Certain customers of the Company finance their solar energy system purchases through Solar Leasing I, LLC ("SLI"). These arrangements are substantially similar to those with unrelated third-party financing providers.

For the three months ended March 31, 2026 and 2025, the Company recognized related party revenue of $1,029,423 and $2,567,304, respectively. As of March 31, 2026 and December 31, 2025, the Company had accounts receivable of $765,757 and $611,807, respectively, due from SLI related to these arrangements.

In August 2024, the Company entered into a guarantee of SLI's obligations under a Business Loan Agreement between SLI and a bank for borrowings up to $10 million. The loan is also personally guaranteed by the Company's CEO, who serves as the manager of SLI through White Horse Energy, LLC ("White Horse"). As of March 31, 2026 and December 31, 2025, the outstanding balance under the loan was $9,937,246 and $9,976,752, respectively.

 ****

 ****

***Note Receivable***

During 2025, SLI performed a fair-market-value assessment of certain lease assets. As a result of this assessment, SLI paid a discretionary rebate of $3,150,000 to the Company based on the excess of fair value over the carrying value of the assets. The Company subsequently transferred the rebate proceeds as a subordinated loan, recorded as a note receivable from White Horse.

On January 30, 2026, the Company increased the subordinated loan in the form of a note receivable with White Horse Energy, LLC from $3.0 million to $6.15 million under the same terms as the original note.

For the three months ended March 31, 2026 and 2025, the Company recognized interest income of $39,584 and $37,656, respectively, related to the note receivable, which is included in other income in the condensed consolidated statements of operations. As of March 31, 2026, the outstanding principal balance of the loan was $6,150,000 with accrued interest of $193,069. As of December 31, 2025, the outstanding principal balance of the loan was $3,000,000 with accrued interest of $153,485. The outstanding principal and accrued interest balances are included in note receivable – related parties in the condensed consolidated balance sheets.

***Tax Receivable Agreement***

In connection with the consummation of the Sunergy business combination on March 13, 2024, the Company entered into a TRA with OpCo and certain OpCo members (the "TRA Holders"). Pursuant to the TRA, the Company is required to pay the TRA Holders 85% of the net cash savings, if any, in U.S. federal, state, and local income and franchise taxes that the Company actually realizes, or is deemed to realize in certain circumstances, as a result of increases in tax basis and certain other tax attributes arising from the Sunergy business combination and related transactions.

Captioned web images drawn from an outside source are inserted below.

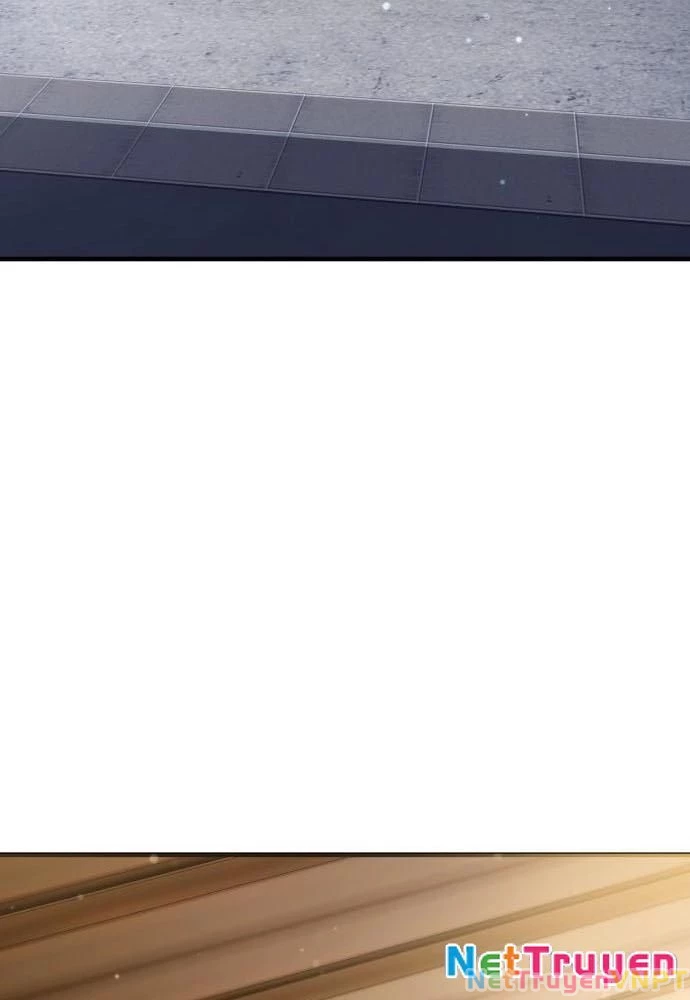 Nhịp Đập Ma Quái Chapter 7 - Trang 2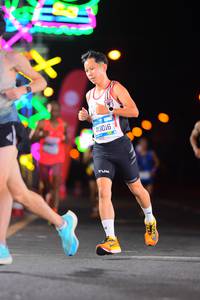 BIB: 40016
                            <button type="button" onclick="openModal(19831881)" class="btn btn-primary btn-sm float-right btn-popup" data-toggle="modal" data-target=".modal-high-quality">
                        <i class="fas fa-shopping-cart"></i> Add to Cart
                    </button>
                                            <button type="button" onclick="isThisMe(19831881, true)" class="btn btn-success btn-sm float-right btn-popup btn-isme hidden" data-toggle="tooltip" data-placement="bottom" title="นี่คือรูปของคุณใช่ไหม คลิกที่นี่เพื่อเอาเข้าอัลบั้ม">
                        <i class="fas fa-plus"></i> Add to album
                    </button>
                    <button type="button" onclick="isThisMe(19831881, false)" class="btn btn-warning btn-sm float-right btn-popup btn-isnotme hidden">
                        <i class="fas fa-ban"></i> Remove from album
                    </button>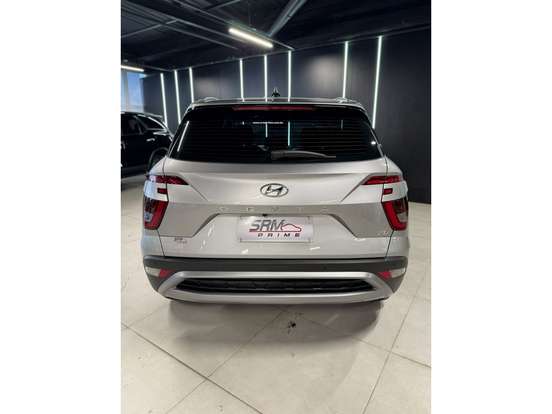 HYUNDAI-CRETA-2024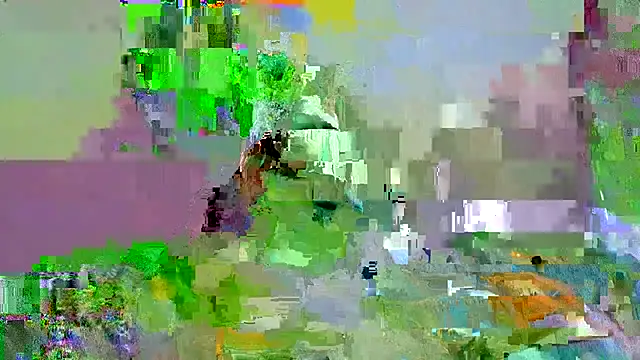 Violet Jhonson online show from 21, 10, 2025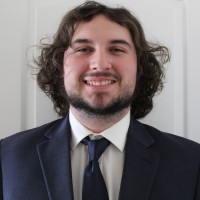 Kyle Barry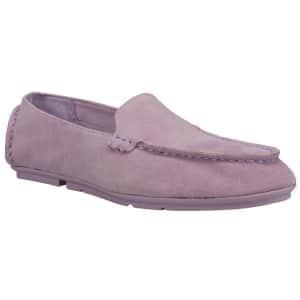 Sperry Women's Slip-On Bay View Shoes for $27 Sperry Women's Slip-On Bay View Shoes for $27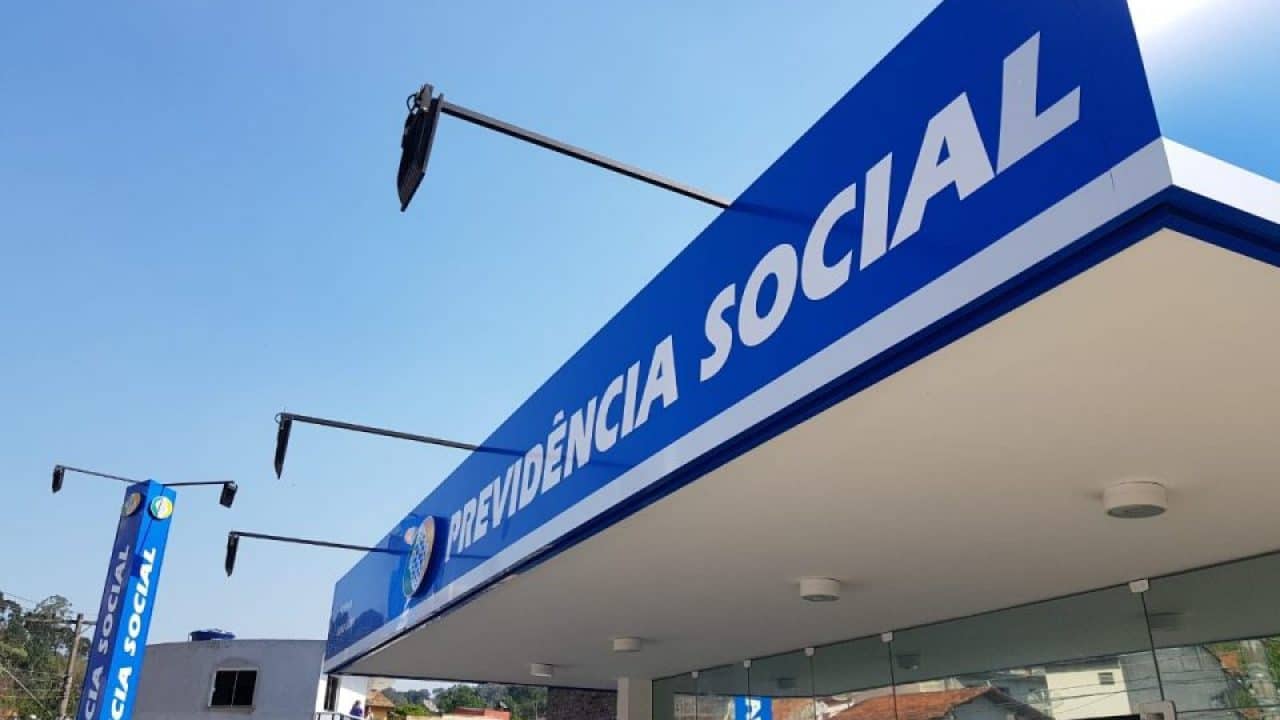 Passo a passo: veja como descobrir se há desconto indevido na sua aposentadoria do INSS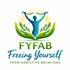 FYFAB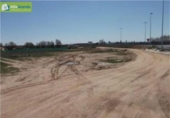 Terreno no urbanizable en venta en la España, Aranda de Duero, ref: TR115779 foto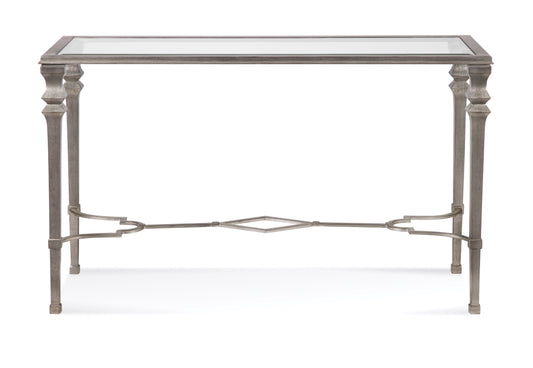 BMC Sylvia Console Table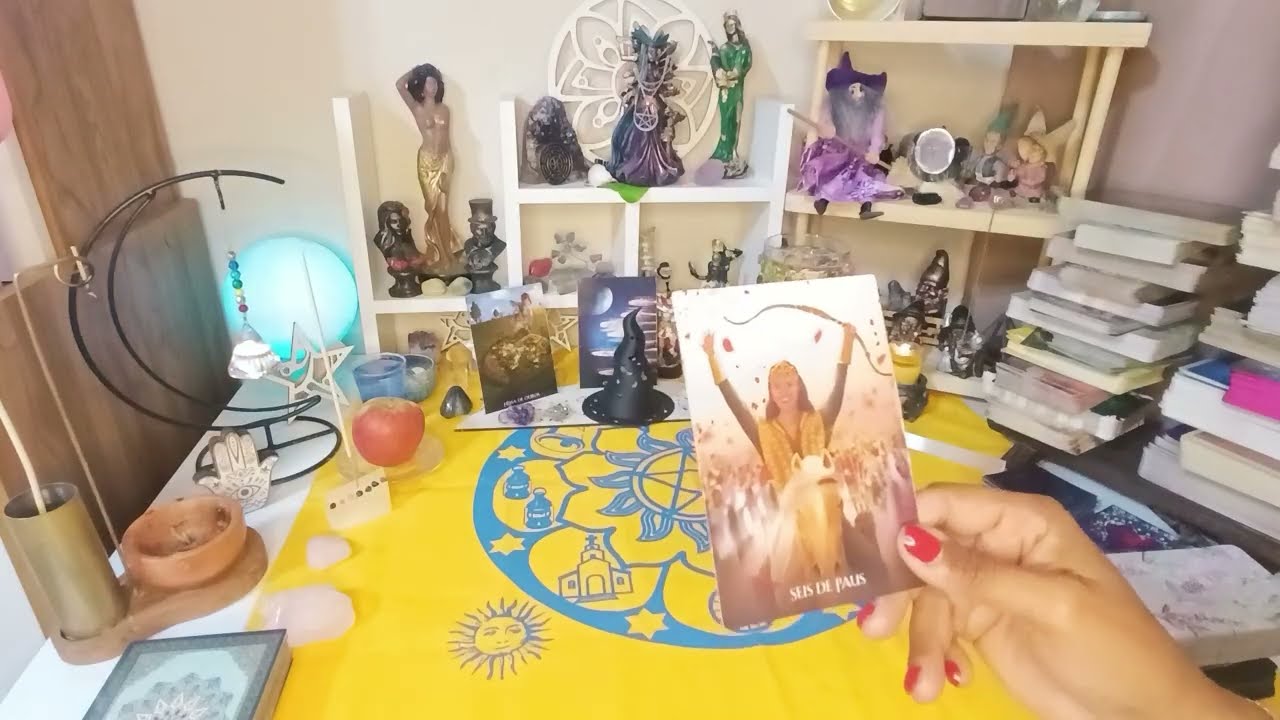 😱😱😱 SUA NOVA VERSÃO POSTURADA  ESTÁ DEIXANDO ESSA PESSOA INCRÉDULO E TE ADMIRANDO MUITO MAIS!!!😱😱😱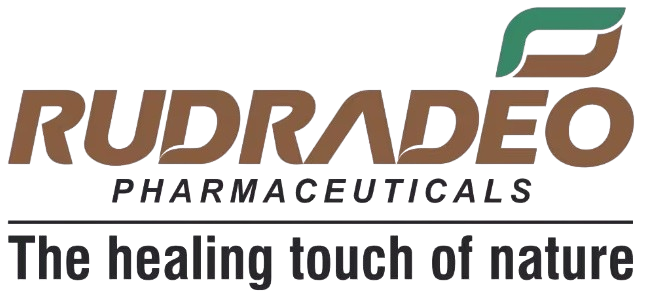 Rudradeo Pharmaceuticals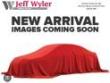 Used 2024 Nissan Versa S CVT Sedan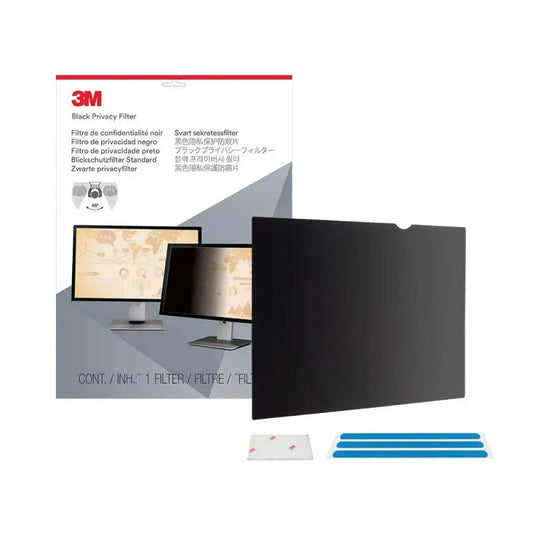 3M PF201W1B Priv Filter 51cm 3M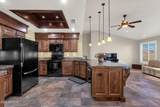 16847 29TH Way - Photo 19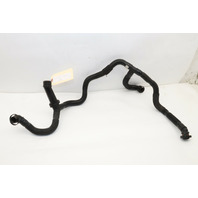 2009 2010 2011 2012 Porsche 911 997.2 Evaporative Emissions System Line OEM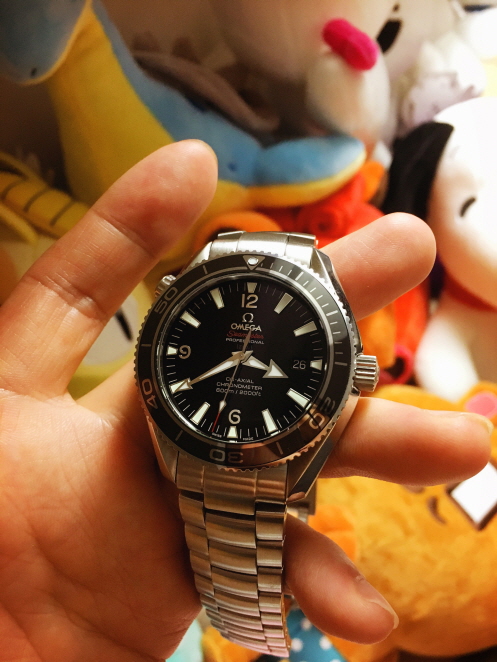 KakaoTalk_20170726_154002724.jpg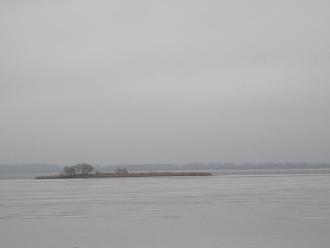 Нажмите на изображение для увеличения.

Название:	IMG_0142.JPG
Просмотров:	3620
Размер:	229.1 Кб
ID:	4515773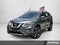 2019 Nissan Rogue AWD SL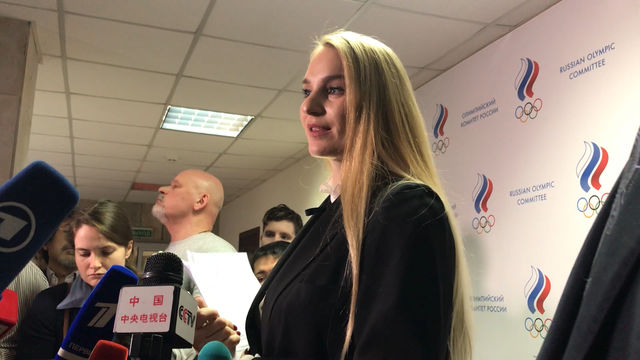 Великая: Дзюба творил чудеса в игре с Египтом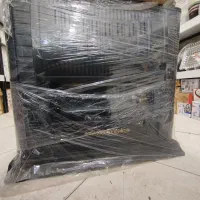 بخاری|بخاری، هیتر، شومینه|بیرجند, |دیوار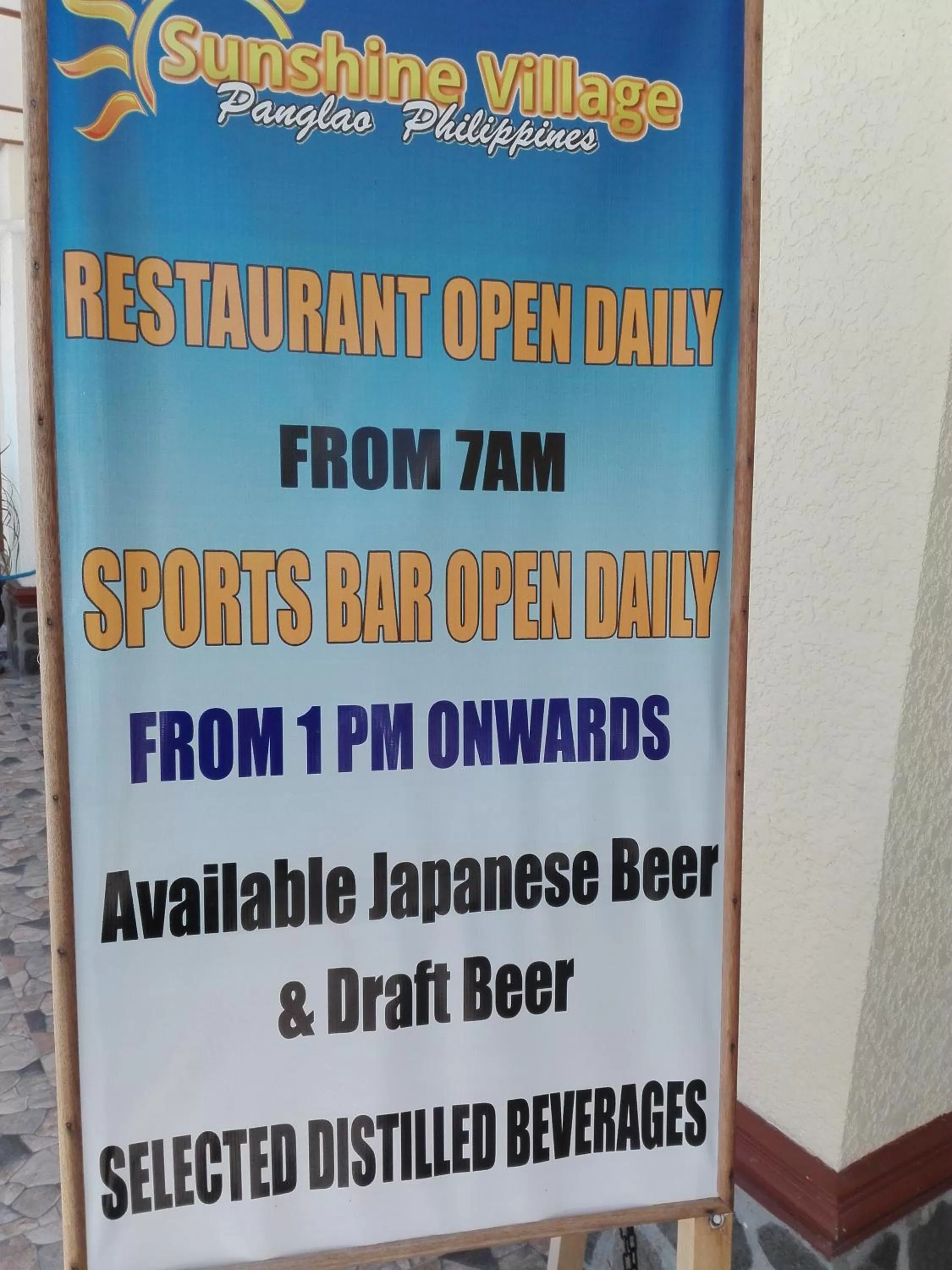 Billiard in Jugalis Hotel and Restaurant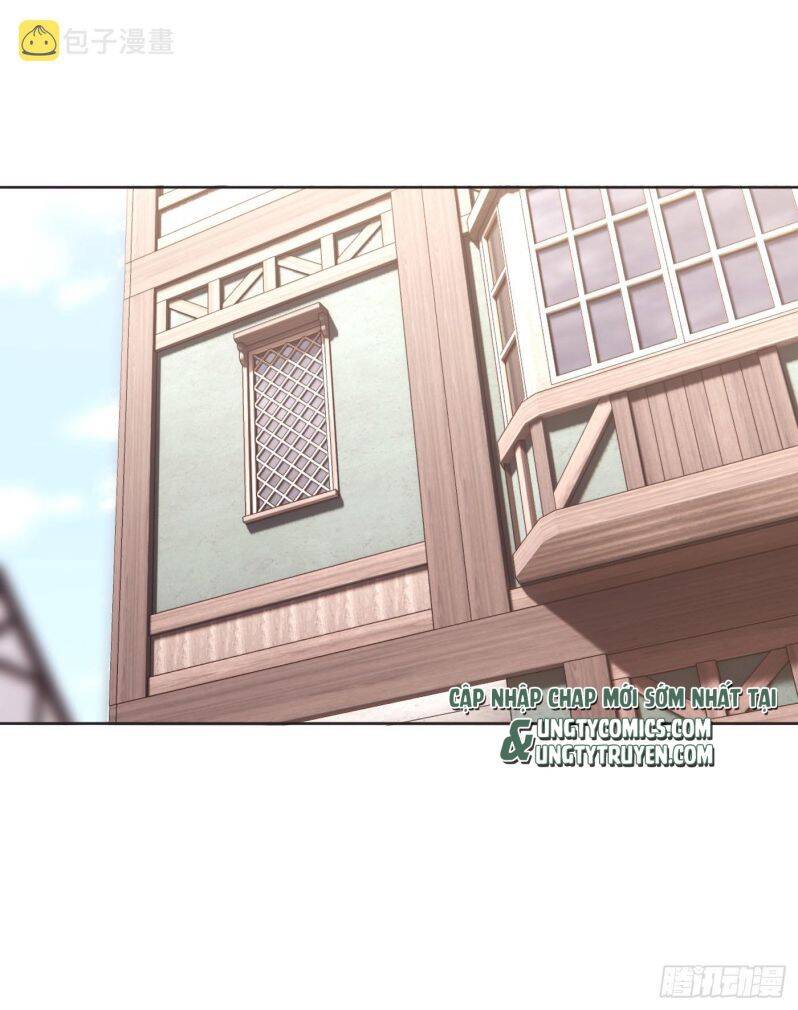 Thỉnh Cùng Ta Đồng Miên-Xin Hãy Ngủ Cùng Ta - Chapter 97 - Page 15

As of March 31, 2026, the Company had not recorded a liability related to the TRA because realization of the related tax benefits was not considered more likely than not. The estimated unrecorded TRA liability was approximately $4.6 million as of March 31, 2026 and $5.7 million as of December 31, 2025. If realization of the related tax benefits becomes more likely than not in future periods, the Company will record a liability related to the TRA with a corresponding charge to expense in the condensed consolidated statements of operations.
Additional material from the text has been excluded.